The Council confirmed that the country's deficit is now below 3% of GDP, the EU's reference value for government deficits.

On 25 September 2017, the Council repealed its 2009 decision on the existence of an excessive deficit. 

"After many years of severe difficulties, Greece's finances are in much better shape. Today's decision is therefore welcome", said Toomas Tõniste, minister for finance of Estonia, which currently holds the Council presidency. "We are now in the last year of the financial support programme, and progress is being made to enable Greece to again raise money on the financial markets at sustainable rates." 
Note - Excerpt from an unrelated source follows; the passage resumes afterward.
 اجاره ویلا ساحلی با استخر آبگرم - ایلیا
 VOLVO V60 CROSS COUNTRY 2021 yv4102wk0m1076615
From a deficit of 15.1% of GDP reached in 2009, Greece's fiscal balance has steadily improved, turning into a 0.7% of GDP surplus in 2016. Although a small deficit is projected for 2017, the fiscal outlook is expected to improve again thereafter. Greece's debt-to-GDP ratio peaked at 179.0% in 2016 and is expected to decrease over the coming years. 

In the light of this, the Council found that Greece fulfils the conditions for closing the excessive deficit procedure. 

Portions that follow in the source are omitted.